# Gentoo home router help

## FreedomFighter2010

I have been running this home-made Gentoo router (www.gentoo.org/doc/en/home-router-howto.xml) for almost a year now, and everything went smooth until I bought a new HP dv9428nr laptop, from which I am currently posting.  No matter what I did, it refused to see the router.  See, usually, the GNOME network applet shows this little spinny thing indicating that it searches for connections, but I didn't even get that far.  All I saw was the red icon, i.e. no connection at all.  When I finally gave up and hooked it up directly with the cable modem, everything worked instantaneously.  I am sitting here scratching my head: what is it that the cable modem does that the router doesn't do that gets the new laptop to respond??

I have another laptop, which works fine both with and without the router.  I notice that the IP address changes depending on whether the router or the new laptop is connected.  I am providing the lspci profiles for all the three.  Someone please help.  This is probably the oddest problem I have ever faced with GNU/Linux.

---------------------------------------------------------------------------------------------------------------------------------

This is the hardware profile for the Gentoo router:

00:00.0 Host bridge: VIA Technologies, Inc. VT8378 [KM400/A] Chipset Host Bridge

00:01.0 PCI bridge: VIA Technologies, Inc. VT8237/VX700 PCI Bridge

00:08.0 Ethernet controller: VIA Technologies, Inc. VT6105/VT6106S [Rhine-III] (rev 86)

00:0f.0 RAID bus controller: VIA Technologies, Inc. VIA VT6420 SATA RAID Controller (rev 80)

00:0f.1 IDE interface: VIA Technologies, Inc. VT82C586A/B/VT82C686/A/B/VT823x/A/C PIPC Bus Master IDE (rev 06)

00:10.0 USB Controller: VIA Technologies, Inc. VT82xxxxx UHCI USB 1.1 Controller (rev 81)

00:10.1 USB Controller: VIA Technologies, Inc. VT82xxxxx UHCI USB 1.1 Controller (rev 81)

00:10.2 USB Controller: VIA Technologies, Inc. VT82xxxxx UHCI USB 1.1 Controller (rev 81)

00:10.3 USB Controller: VIA Technologies, Inc. VT82xxxxx UHCI USB 1.1 Controller (rev 81)

00:11.0 ISA bridge: VIA Technologies, Inc. VT8237 ISA bridge [KT600/K8T800/K8T890 South]

00:11.5 Multimedia audio controller: VIA Technologies, Inc. VT8233/A/8235/8237 AC97 Audio Controller (rev 60)

00:12.0 Ethernet controller: VIA Technologies, Inc. VT6102 [Rhine-II] (rev 78)

01:00.0 VGA compatible controller: VIA Technologies, Inc. KM400/KN400/P4M800 [S3 UniChrome] (rev 01)

The is the hardware profile for the new laptop (that doesn't see the router):

00:00.0 RAM memory: nVidia Corporation C51 Host Bridge (rev a2)

00:00.1 RAM memory: nVidia Corporation C51 Memory Controller 0 (rev a2)

00:00.2 RAM memory: nVidia Corporation C51 Memory Controller 1 (rev a2)

00:00.3 RAM memory: nVidia Corporation C51 Memory Controller 5 (rev a2)

00:00.4 RAM memory: nVidia Corporation C51 Memory Controller 4 (rev a2)

00:00.5 RAM memory: nVidia Corporation C51 Host Bridge (rev a2)

00:00.6 RAM memory: nVidia Corporation C51 Memory Controller 3 (rev a2)
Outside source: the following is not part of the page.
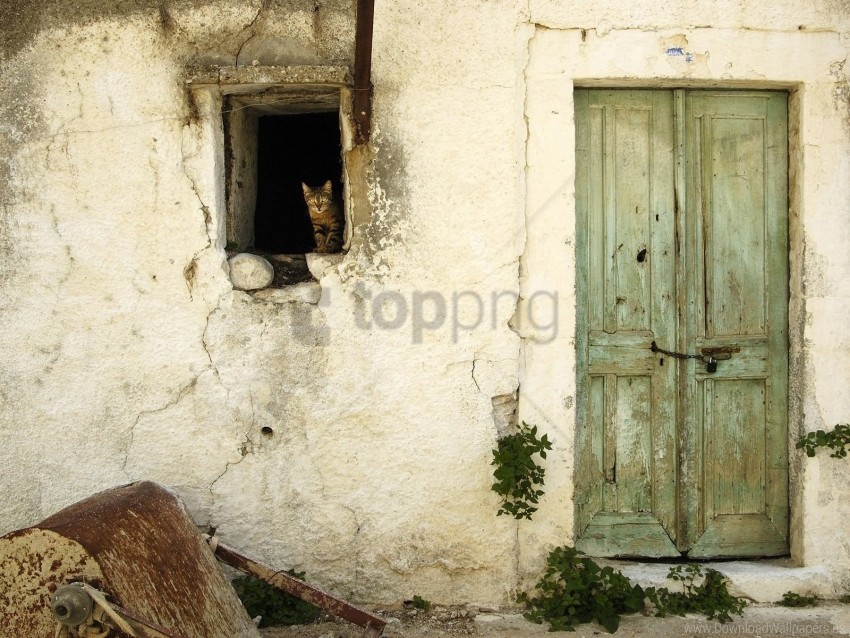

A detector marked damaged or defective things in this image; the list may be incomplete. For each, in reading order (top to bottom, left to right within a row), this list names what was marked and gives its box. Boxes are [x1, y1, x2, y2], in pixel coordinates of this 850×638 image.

rusty metal beam [352, 0, 376, 145]
rusty wheelbarrow [0, 482, 384, 636]
rusty metal beam [210, 544, 386, 636]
00:00.7 RAM memory: nVidia Corporation C51 Memory Controller 2 (rev a2)

00:02.0 PCI bridge: nVidia Corporation C51 PCI Express Bridge (rev a1)

00:03.0 PCI bridge: nVidia Corporation C51 PCI Express Bridge (rev a1)
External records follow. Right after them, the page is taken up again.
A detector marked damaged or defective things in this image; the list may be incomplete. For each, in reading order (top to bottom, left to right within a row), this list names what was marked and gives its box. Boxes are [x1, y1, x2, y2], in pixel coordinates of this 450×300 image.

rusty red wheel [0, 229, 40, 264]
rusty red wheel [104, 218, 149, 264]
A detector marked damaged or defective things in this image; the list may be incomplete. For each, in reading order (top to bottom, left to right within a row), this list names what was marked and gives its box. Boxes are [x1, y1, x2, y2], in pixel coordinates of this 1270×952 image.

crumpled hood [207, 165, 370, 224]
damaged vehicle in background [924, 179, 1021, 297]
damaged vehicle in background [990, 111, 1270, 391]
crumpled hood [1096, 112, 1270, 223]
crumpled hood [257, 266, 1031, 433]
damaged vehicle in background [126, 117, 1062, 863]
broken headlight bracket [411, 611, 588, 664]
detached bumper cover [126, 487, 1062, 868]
00:05.0 VGA compatible controller: nVidia Corporation C51 [Geforce 6150 Go] (rev a2)

00:09.0 RAM memory: nVidia Corporation MCP51 Host Bridge (rev a2)

00:0a.0 ISA bridge: nVidia Corporation MCP51 LPC Bridge (rev a3)
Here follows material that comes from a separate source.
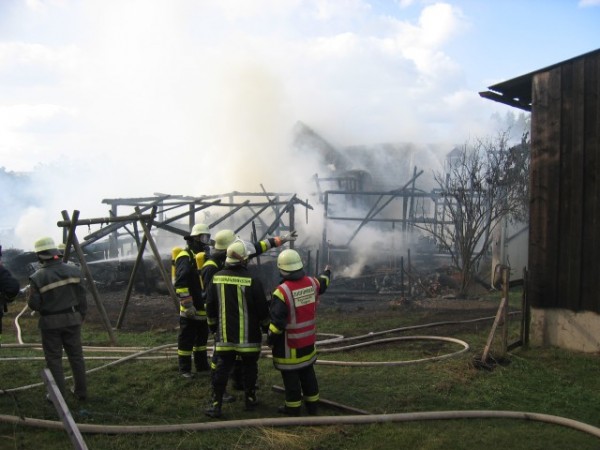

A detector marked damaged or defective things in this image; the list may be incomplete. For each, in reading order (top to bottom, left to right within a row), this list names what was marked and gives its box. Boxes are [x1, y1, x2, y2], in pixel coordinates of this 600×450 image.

burned barn [480, 47, 600, 354]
00:0a.1 SMBus: nVidia Corporation MCP51 SMBus (rev a3)

00:0a.3 Co-processor: nVidia Corporation MCP51 PMU (rev a3)

00:0b.0 USB Controller: nVidia Corporation MCP51 USB Controller (rev a3)

00:0b.1 USB Controller: nVidia Corporation MCP51 USB Controller (rev a3)

00:0d.0 IDE interface: nVidia Corporation MCP51 IDE (rev f1)

00:0e.0 IDE interface: nVidia Corporation MCP51 Serial ATA Controller (rev f1)

00:0f.0 IDE interface: nVidia Corporation MCP51 Serial ATA Controller (rev f1)

00:10.0 PCI bridge: nVidia Corporation MCP51 PCI Bridge (rev a2)

00:10.1 Audio device: nVidia Corporation MCP51 High Definition Audio (rev a2)

00:14.0 Bridge: nVidia Corporation MCP51 Ethernet Controller (rev a3)

00:18.0 Host bridge: Advanced Micro Devices [AMD] K8 [Athlon64/Opteron] HyperTransport Technology Configuration

00:18.1 Host bridge: Advanced Micro Devices [AMD] K8 [Athlon64/Opteron] Address Map

00:18.2 Host bridge: Advanced Micro Devices [AMD] K8 [Athlon64/Opteron] DRAM Controller

00:18.3 Host bridge: Advanced Micro Devices [AMD] K8 [Athlon64/Opteron] Miscellaneous Control

07:05.0 FireWire (IEEE 1394): Ricoh Co Ltd R5C832 IEEE 1394 Controller

07:05.1 SD Host controller: Ricoh Co Ltd R5C822 SD/SDIO/MMC/MS/MSPro Host Adapter (rev 19)

07:05.2 System peripheral: Ricoh Co Ltd R5C843 MMC Host Controller (rev 0a)

07:05.3 System peripheral: Ricoh Co Ltd R5C592 Memory Stick Bus Host Adapter (rev 05)

07:05.4 System peripheral: Ricoh Co Ltd xD-Picture Card Controller (rev ff)

The is the hardware profile for the old laptop and works fine with the router and directly with

the modem:

:00:00.0 Host bridge: Intel Corporation Mobile PM965/GM965/GL960 Memory Controller Hub (rev 0c)

00:02.0 VGA compatible controller: Intel Corporation Mobile GM965/GL960 Integrated Graphics Controller (rev 0c)

00:02.1 Display controller: Intel Corporation Mobile GM965/GL960 Integrated Graphics Controller (rev 0c)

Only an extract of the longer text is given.